Heroku

So far, your projects only run locally on your computer. But in order to let other people use it, we need to run the app on a computer accessible by others. For sure, you can run your app on your own computer and let other people access the app, but this is not ideal because what if you need to turn off the computer? what your computer crashes? what if your computer is not powerful enough?

So, most people these days will a third-party services to host their server. A lot of people use Amazon Web Services (AWS). AWS allows you to spin up a computer (an instance) and configure it however you want. But, what if you don't want to configure it? You just want it to work with minimal efforts.

Introducing Heroku. Heroku is a layer on top of AWS so that it takes no time to get your app hosted online up and running.

To push your code to Heroku, it works the same as pushing code to Github. You have to add the remote link through $ git remote add <url>, where the url is provided by Heroku. And, pushing your code is as easy as $ git push heroku master which means pushing the code in master branch to heroku.
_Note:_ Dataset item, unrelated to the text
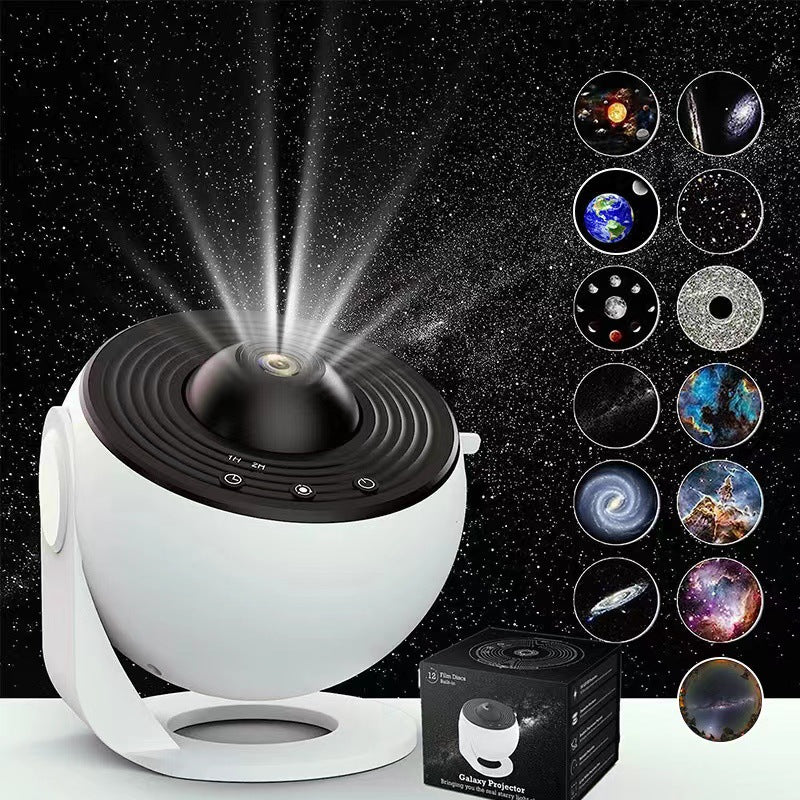 High-Definition Focusable Starry Galaxy Projector Lamp - Creative Bedroom Mood Light with 13 Film Slides (Black &amp; White)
First, navigate to your app cd path/to/app. Assuming that you have Heroku CLI installed, you can run $ heroku create <name-of-your-app>. <name-of-your-app> is option and has to be a single word.

Once you run $ heroku create, the git remote link is automatically established. It will also create a new app project on Heroku.

You can check the git remote link by running $ git remote -v

-v typically means verbose

$ git remote -v
heroku    https://git.heroku.com/xxxxx-xxxx-25998.git (fetch)
heroku    https://git.heroku.com/xxxxx-xxxx-25998.git (push)

You can deploy your app to Heroku by pushing your code (default is master branch) by running $ git push heroku master. Awesome!

If you don't see an error during deployment, you are ready to check the app out. To quickly open your app on Heroku in the browser, you can run $ heroku open.

Remember that your local database is different from the one on Heroku. You are basically starting a brand new database on another computer. That means that the database schema on Heroku is currently empty. So, you have to run the migrations again by doing $ heroku run rails db:migrate. Notice that we have heroku run in front of rails db:migrate? Whenever we want to run something for the Heroku app, we have to specify it by adding heroku run in front of your usual commands.